Saint-Omer paranoïa

  1. L’ombre de John Michael Shadow

    Karl Keller, lieutenant de police, vit toujours sur le fil du rasoir, aussi son supérieur lui a-t-il intimé l’ordre de suivre une thérapie auprès d’une psychiatre. Mais cette dernière disparaît subitement. Des cadavres commencent à fleurir aux alentours de Saint-Omer. Et que dire de cette adolescente qui dit voir dans des rêves les victimes succomber ?

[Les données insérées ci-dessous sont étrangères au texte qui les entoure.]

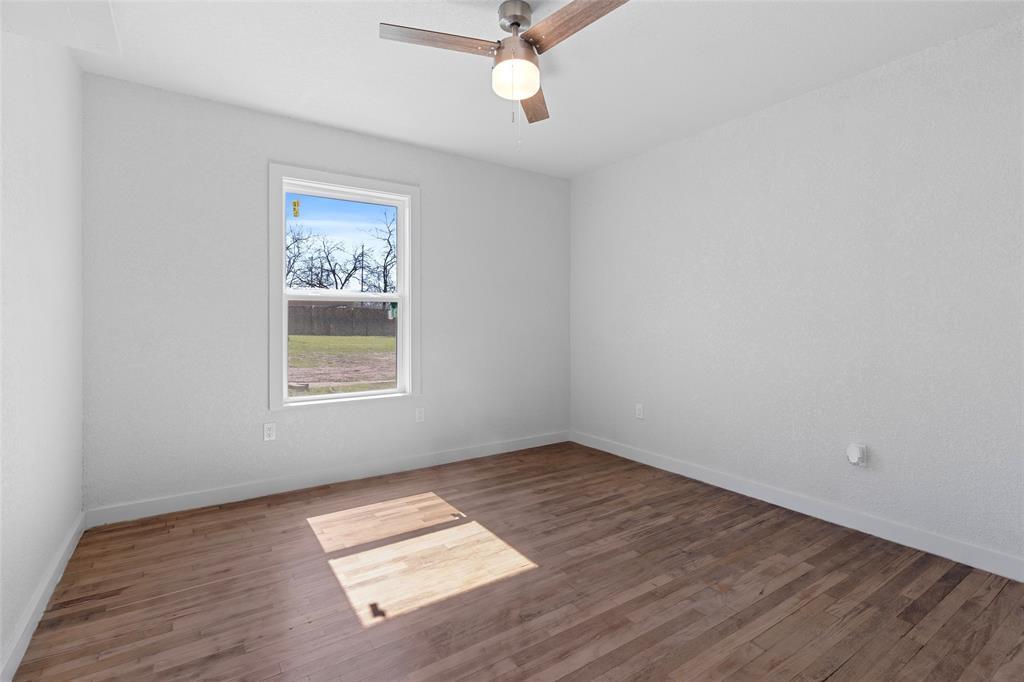 409 N Vandeveer St, Burnet, TX 78611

    Après Dans les brumes de Saint-Omer, Bénédicte Boullet poursuit sa série chez Ravet-Anceau consacrée au policier Keller. Sa plume est efficace, les personnages sont rendus avec crédibilité, et les trois personnes citées en début d’ouvrage, un policier et deux docteurs, accréditent cette vraisemblance. Dans ses actes, John Michael Shadow constitue un tueur en série particulièrement machiavélique, expert en informatique, prêt à toutes les abjections, et poussé à accomplir une œuvre de destruction aux accents à la fois artistiques et hautement symboliques. L’ensemble se lit à la fois facilement et rapidement, et on en regrette d’autant certains clichés émaillant le récit, en particulier quant à la personnalité de l’assassin, qui est finalement une combinaison de divers tueurs en série de fiction, avec à la clef un fort sentiment de déjà lu. Ce qui est encore plus dommage, c’est la manière trop rapide dont Bénédicte Boullet évacue l’idée de la jeune fille aux songes, à la page soixante-huit. En deux lignes, le mystère s’évapore instantanément, avortant un thème qui était pourtant prometteur.

    Un livre s’apparente parfois à une partie de poker menteur, où le bluff permet de maintenir un suspense appréciable. Dans le cas présent, en plus de quelques poncifs, Bénédicte Boullet abat trop vite certaines de ses cartes. C’est d’autant plus regrettable que son roman était endiablé et prenant.